*Required action*.
With the pictures left out, write out exactly the lines of the listing below that run from the line with "Green, Tree, Leaf, Potted Plant Png Image" through the line with "代怀博的成长之路与未来发展展望：探索新机遇与挑战的交汇点".

*Supplied information*.

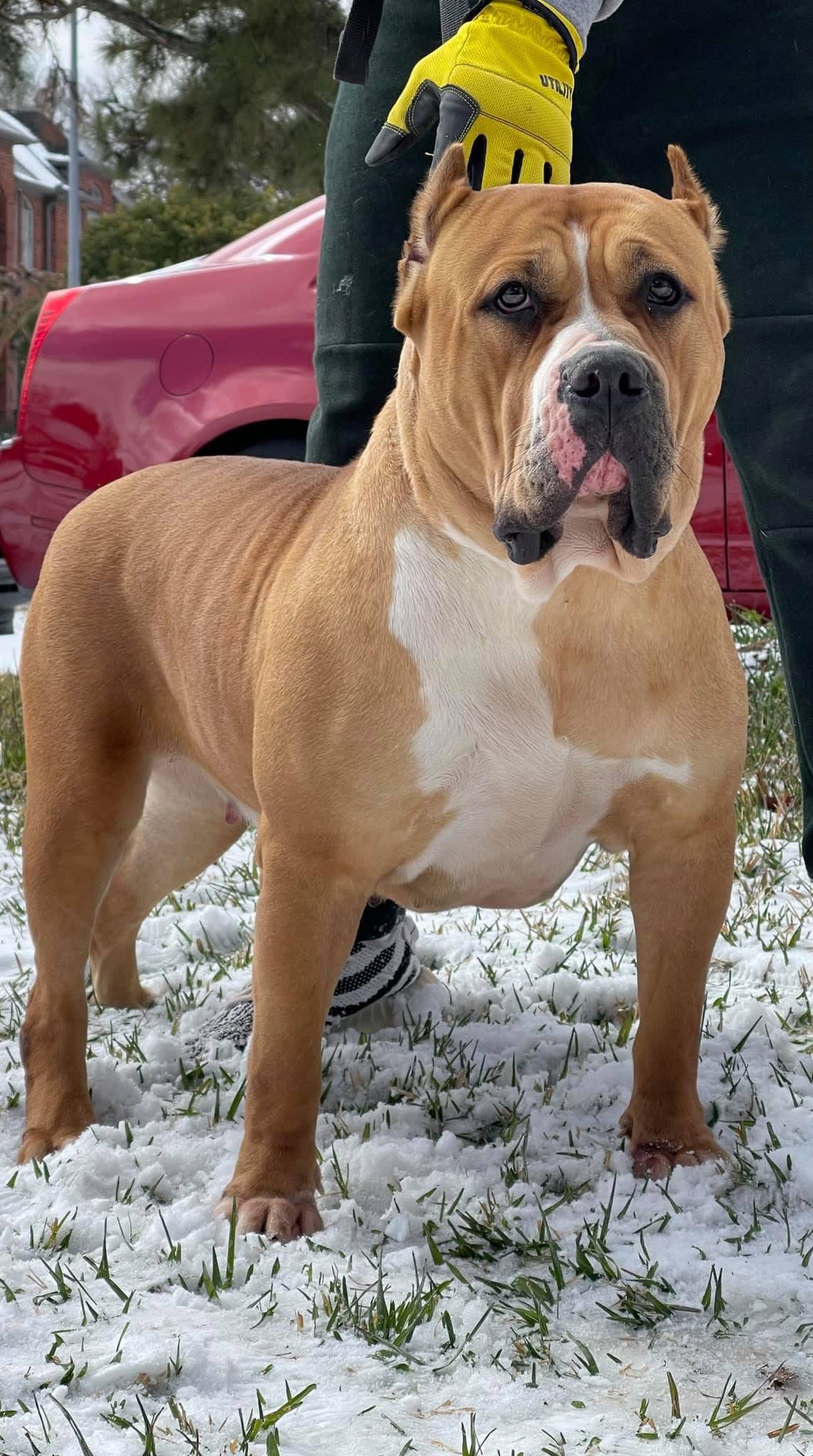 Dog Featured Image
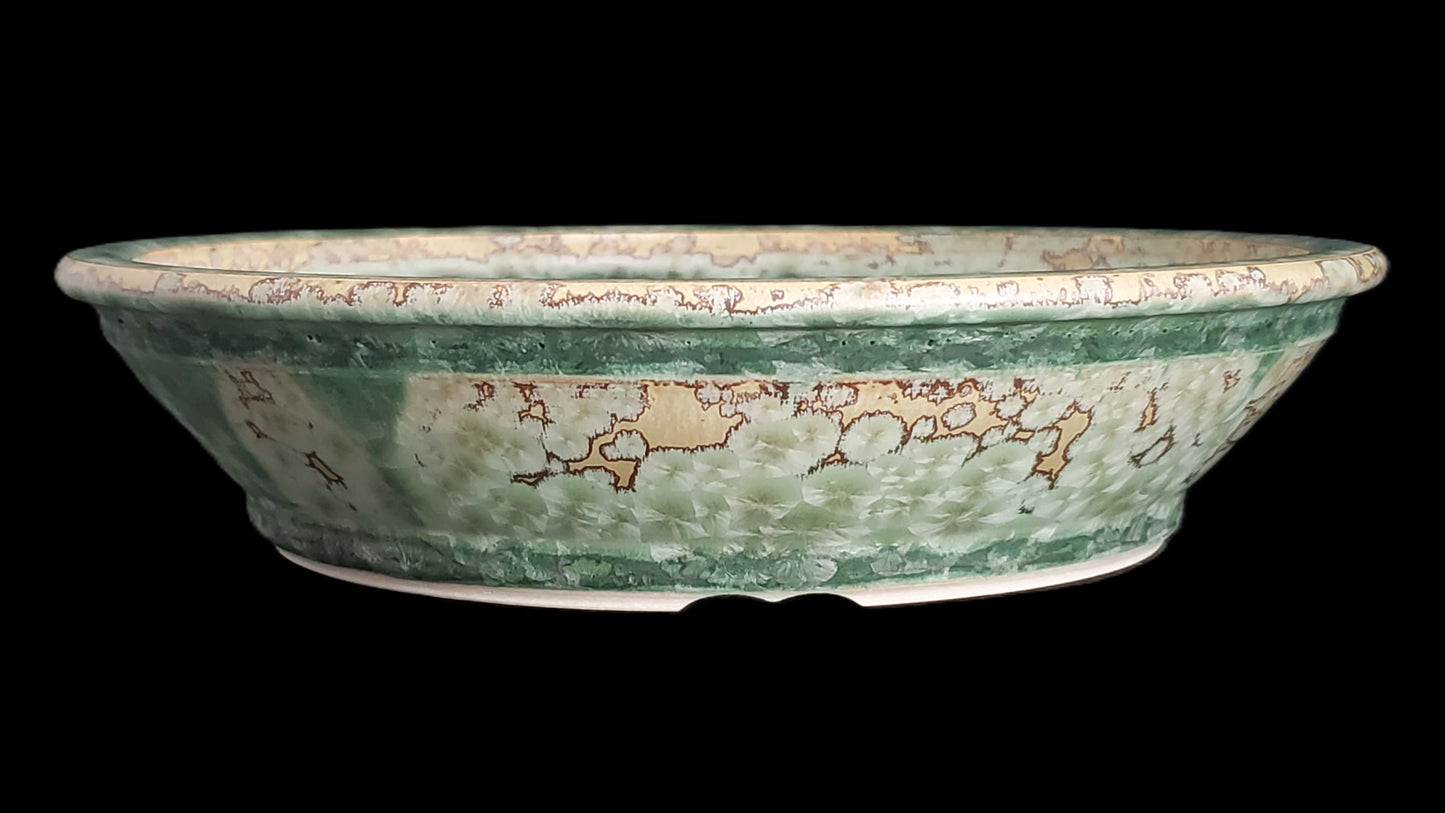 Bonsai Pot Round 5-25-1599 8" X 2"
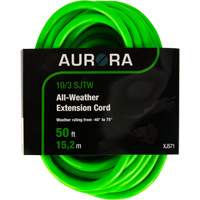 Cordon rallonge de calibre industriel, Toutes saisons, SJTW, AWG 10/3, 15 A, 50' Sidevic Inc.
...
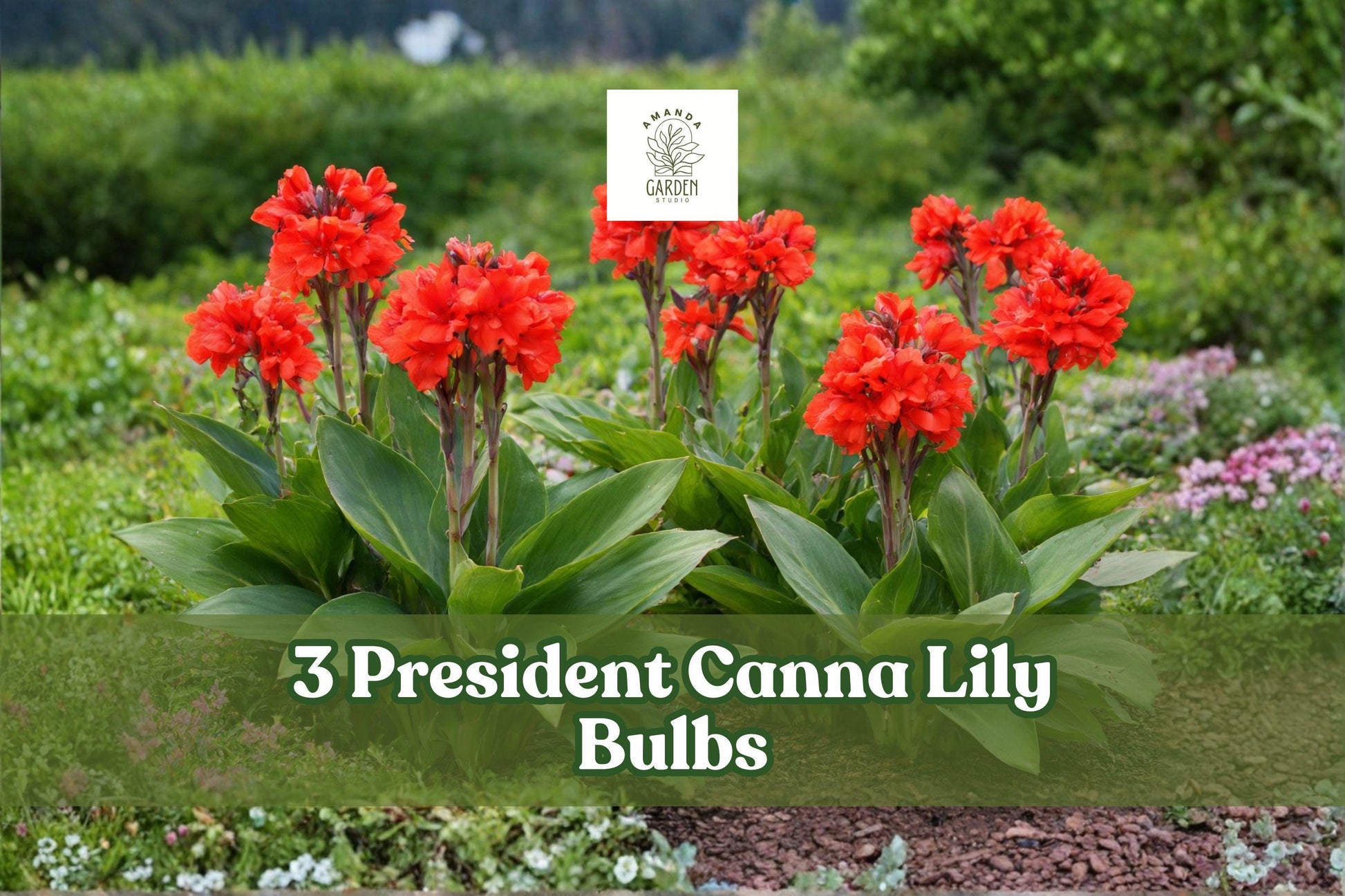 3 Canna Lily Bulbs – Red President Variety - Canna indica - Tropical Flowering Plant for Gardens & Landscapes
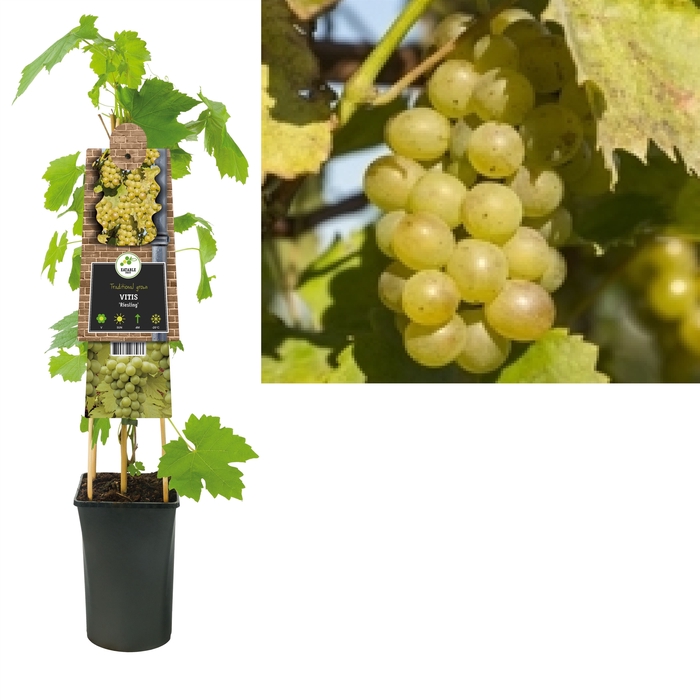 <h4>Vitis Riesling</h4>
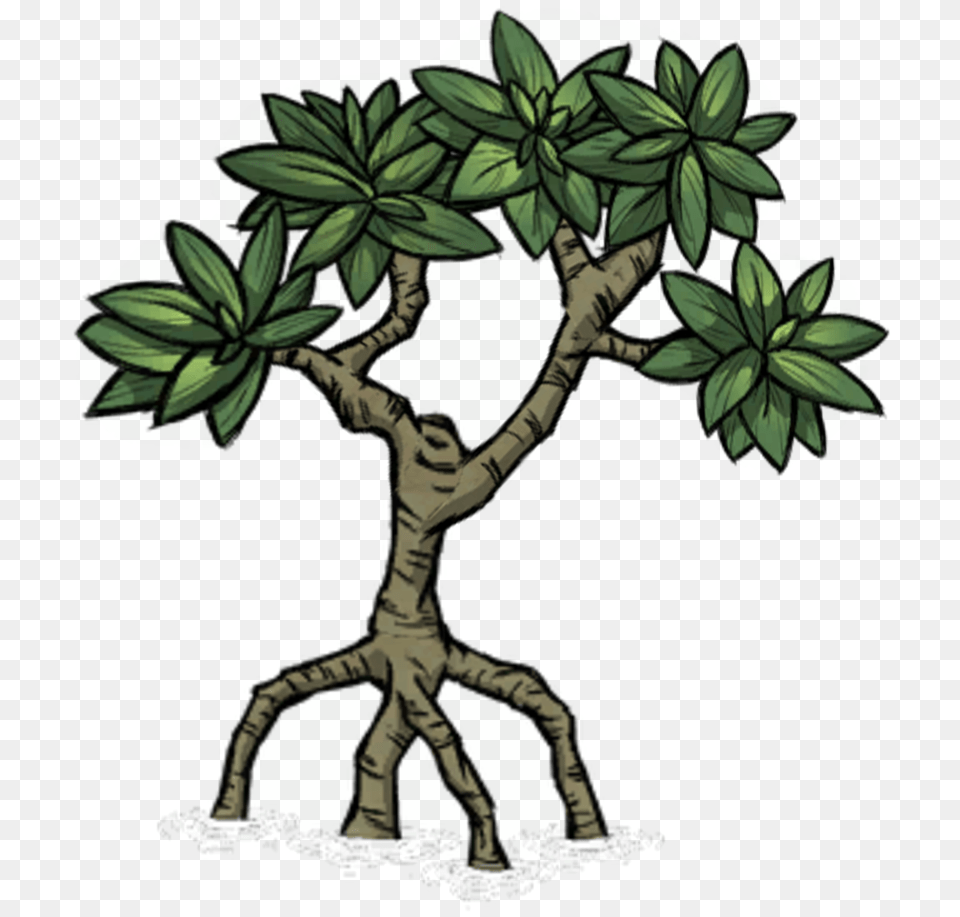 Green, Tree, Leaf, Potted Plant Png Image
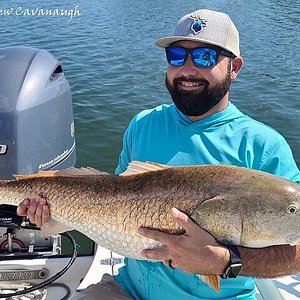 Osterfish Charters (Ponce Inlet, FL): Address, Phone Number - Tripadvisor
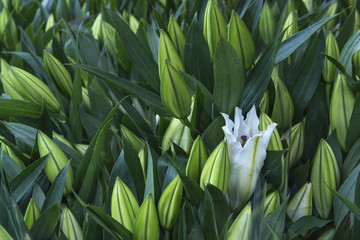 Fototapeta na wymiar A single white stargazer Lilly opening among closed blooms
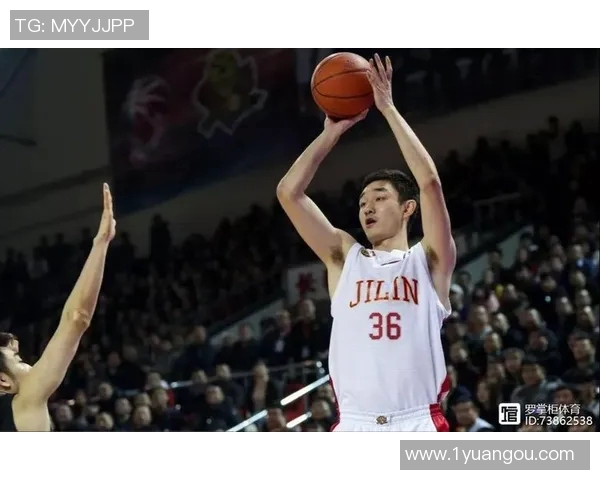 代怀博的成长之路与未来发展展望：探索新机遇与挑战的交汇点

*The answer*.
 Green, Tree, Leaf, Potted Plant Png Image
 Osterfish Charters (Ponce Inlet, FL): Address, Phone Number - Tripadvisor
 Fototapeta na wymiar A single white stargazer Lilly opening among closed blooms
 代怀博的成长之路与未来发展展望：探索新机遇与挑战的交汇点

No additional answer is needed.